Long beaches on the coast
Other than relaxing poolside at your accommodation, the undisputed hotspot for spending time out in the sun is the 10km stretch of sand that runs along the south coast. The golden space runs from Vila Baleira in the north, past a couple of towns and resorts before coming to a halt at Ponta de Calheta.
If the large beach feels too touristy to you, you can find other smaller, more secluded sands to lay down your towel. There are some found on the northern face of Porto Santo or Praia da Calheta, tucked away on the western tip, provides phenomenal views of the sunset.
While there are water sports to get you active on the waves by the beach, there are also opportunities to tour the spectacular nature of Porto Santo found inland. Tour companies are eager to take you through the forests and over mountains to gain the best possible views of the island. There is also the option to take a horse ride over varied terrain.
Portuguese through and through
Porto Santo was accidentally discovered in the 15th century when ships were blown here by a storm. The island has been owned and ran by the Portuguese ever since and there are a couple of highlights to discover from centuries ago. A canon sits at the top of the Pico Castelo Viewpoint which also looks down across a large part of the island.
Christopher Columbus lived here for a short time with his Portuguese wife and their home has now been turned into a museum.
Hot summer nights
Despite all the opportunities to get active and explore the island, holidays to Porto Santo are generally calm throughout the day and into the evening. Quiet tavernas offer you the chance to enjoy great meals with fine wines, some of which are produced at local vineyards.

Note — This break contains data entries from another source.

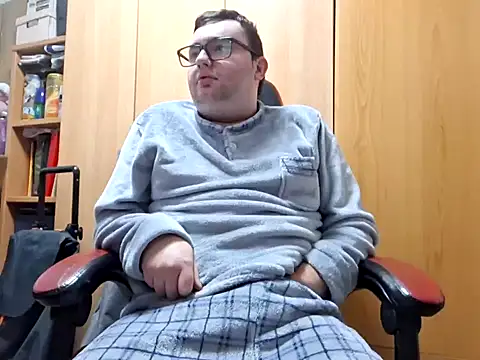 Snapshot of Javier_bear chatting on 7, 2, 2025 Javier bear online show from 7, 2, 2025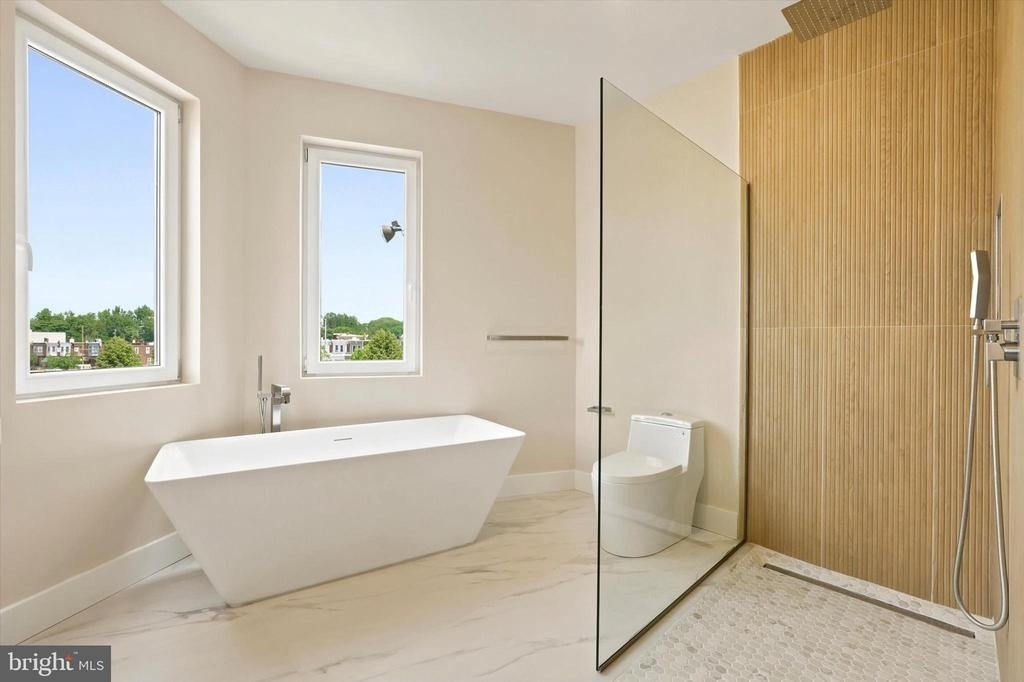 2440 E Harold Street - Photo 11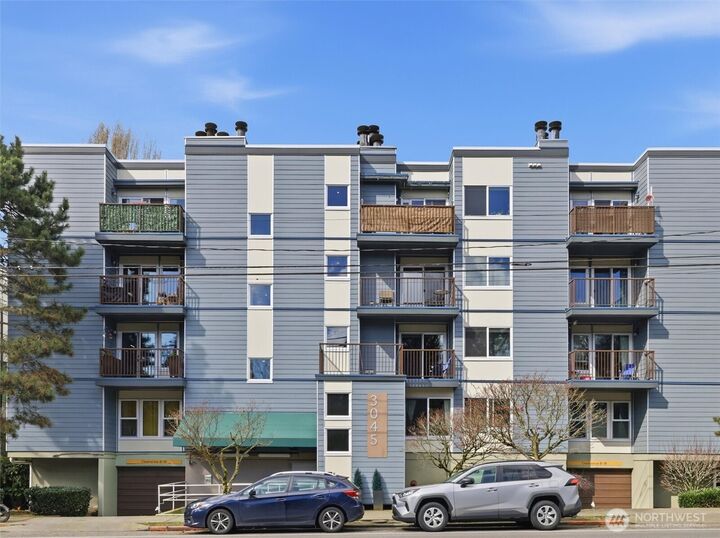 Property Photo:  3045  20th Avenue W 303  WA 98199 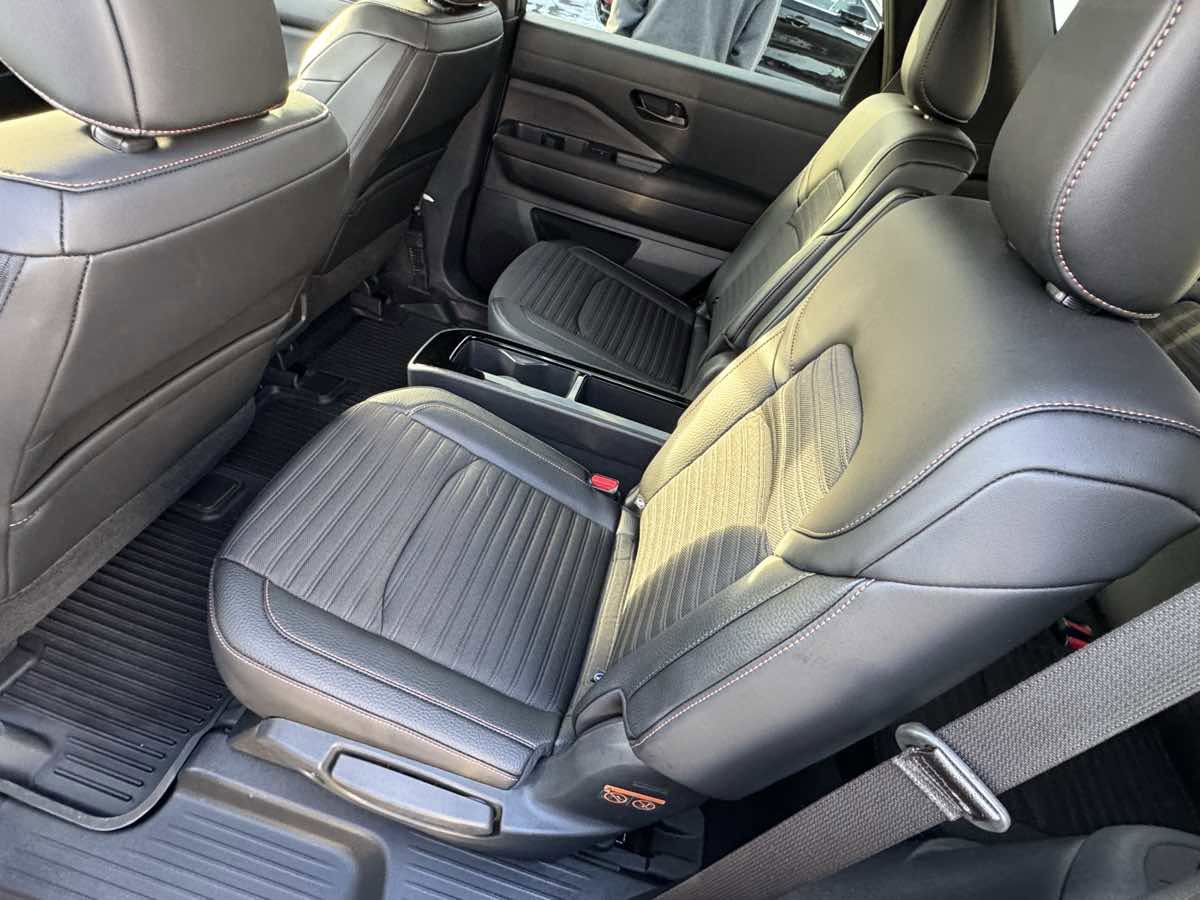 Used 2025 Nissan Pathfinder Rock Creek image 22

Whether it is by the waterfront, in the main square of Vila Baleira or at your accommodation, the island offers a great climate to sit out and drink under the stars.
During the summer weekends you can find some action at night at Vila Baleira's port O Penedo do Sono, where the bars welcome in a younger crowd of locals and tourists. The music ranges from Latin tunes to upbeat techno and dance. The party goes on until very late during peak seasons and often there'll be boats arriving from Funchal in Madeira with night time revellers raring to go.
Amongst all of the resorts on this small island, you'll find a restaurant with the cuisine and location to suit you. Many are based along the waterfront of the 10km beach while others are found within the traditional-looking main square of Vila Baleira.
Seafood makes a regular appearance on the Portuguese menus here. The restaurants Torres and Pe ne Agua are said to have delicious servings of Octopus, for the non-squeamish eaters. Elsewhere the offering is typically Mediterranean while most locations ensure there are generic options for those in search of simple meals like steak or pizza.
If you're looking for a holiday souvenir from Porto Santo then your best opportunity will be found along the cobbled street of Rua Joao Gonclaves Zarco in Vila Baleira where chic boutiques sell charming products. Local handmade crafts are found within the Centro de Artesanato near the pier. Cute dolls, handwoven baskets and clay ornaments are found in this quirky shop.
For high street fashion the Zarco Shopping Mall is the place to find internationally recognisable brands.
The Porto Santo Airport is central to the whole island and transfers are guaranteed to be blissfully short. The 2km distance between the airport and Vila Baleira should take just five minutes to cover.
Walking between your accommodation and the beach should be simple since the beach covers the majority of the coastline. If you stay somewhere more inland then the road networks are simple to traverse via a hire car.
If you're just planning on making the odd drive then taxis and busses are easy to use too.
Best time of year to visit
Porto Santo experiences a terrifically long summer with over 300 days of sunshine and temperatures that reach a high of 20C for around six months each year. July and August experience temperatures that regularly hit 30C and above.
The island's most notable celebration is a three day festival held for their adopted son, Christopher Columbus. This party is thrown at the beginning of September every year with music, shows, exhibitions and a parade all held in the explorer's honour.